This Week’s ESSA News: Waiver Requests, Plan Revisions, and Too Much Flexibility?
This update on the Every Student Succeeds Act and the education plans now being refined by state legislatures is produced in partnership with ESSA Essentials, a new series from the Collaborative for Student Success. It’s an offshoot of their ESSA Advance newsletter, which you can sign up for here! (See our recent ESSA updates from previous weeks right here.)
Accountability plans for every state have now been submitted to the U.S. Department of Education, but there’s still plenty of state-level ESSA activity to keep our eyes on.
ESSA was “designed to let states determine for themselves how to hold schools accountable,” writes Jessica Towhey in the NH Journal, but it “may leave more children behind if states are allowed to skirt federal requirements through waivers.” Reorienting responsibility for education from Washington, D.C., to states and districts was “a major win for conservatives,” but “civil rights groups and others have sounded alarms since the legislation was being drafted that too much flexibility could lead to states not devoting resources to historically underperforming students if it meant posting higher progress rates for schools.”

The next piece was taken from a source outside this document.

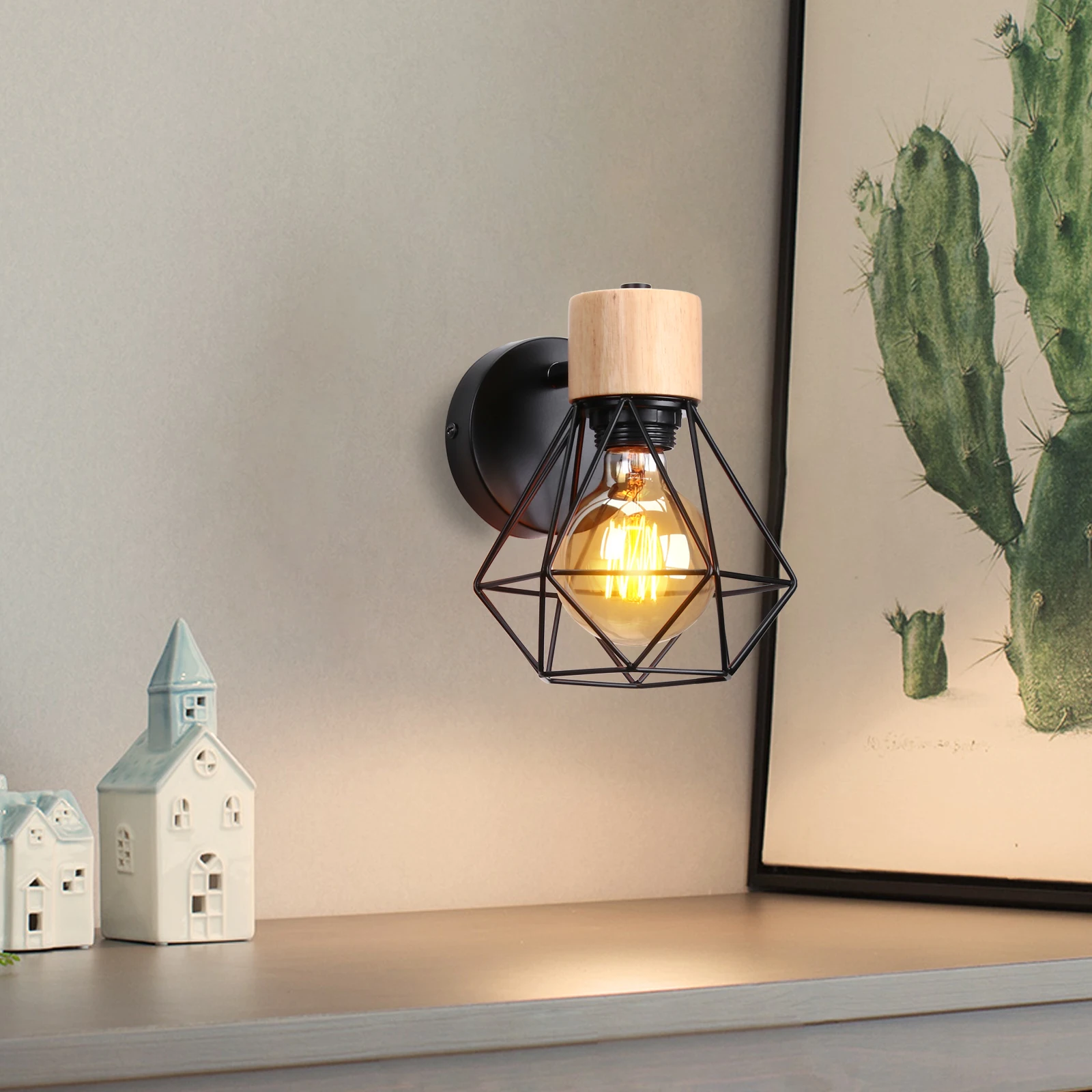 Vintage Wall Light Shade Industrial Ceiling Lamp Retro Loft Wall Sconce Cafe Bar Indoor Lighting Living Room Home Decor E27 LED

As Towhey reports, New Hampshire and New York have submitted plans that include waiver requests, and Florida “wrote its accountability plan in such a way that critics say it skirts the law.” In addition, policy experts “note that U.S. Education Secretary Betsy DeVos has approved two plans — Connecticut and Tennessee — that are out of compliance with federal law but were submitted without waiver requests.”
Meanwhile, according to the St. Paul Pioneer Press, three state legislators in Minnesota wrote to DeVos and state Education Commissioner Brenda Cassellius arguing that the state’s ESSA plan “lacks transparency and clarity” and “will not do enough for underperforming teachers and schools.” They have asked the federal government to reject the plan and send it back to state officials for revisions.
And The Washington Times reports that in Arizona, the state may put the “promises of greater flexibility” under ESSA to the test, as a result of a 2016 state law “that allows traditional and charter school leaders to choose the standardized test they think best fits each school’s teaching methods.” In Oklahoma, KGOU reports that advocates for students with disabilities, students of color, and low-income students are concerned about the state’s ESSA plan, with some having had their “recommendations adopted in the final plan,” while others “say their concerns were brushed aside.”
More ESSA news below.
1 Idaho students make the grades
Starting next year, public school students in Idaho will be able to do a little grading of their own — of their teachers. As part of the state’s accountability plan, Idaho public school children will be able to grade their schools and teachers by using a student engagement survey. KREM reports that third- through 12th-graders “will be asked questions in three different categories: school climate, teacher-student relationships, and school safety,” while ninth- through 12th-graders “will receive an additional category of questions on grit, or the ability to achieve a long-term goal despite setbacks.”
2 Achieve tracks state plans
Achieve released a new online tracking tool that “summarizes states’ long-term goals for student achievement and graduation rates, along with the accountability indicators and weighting included in states’ plans submitted under ESSA.” Have questions about state plans? Check out the tracker to view accountability indicators and compare states to each other.
3 How one teacher views professional learning under ESSA
Matt McCullough, director of innovation in teaching and learning at Schoolcraft Community Schools in Michigan, writes that his favorite task is “providing innovative classroom strategies to my teachers and collaborating with them to lead to greater student success.” After reading Educators for High Standards’ recent report, McCullough is encouraged to see other educators around the country leading high-quality learning. He is also “passionate about improving the quality of professional learning for teachers” and hopes ESSA “will be the lever that will create a large-scale change.”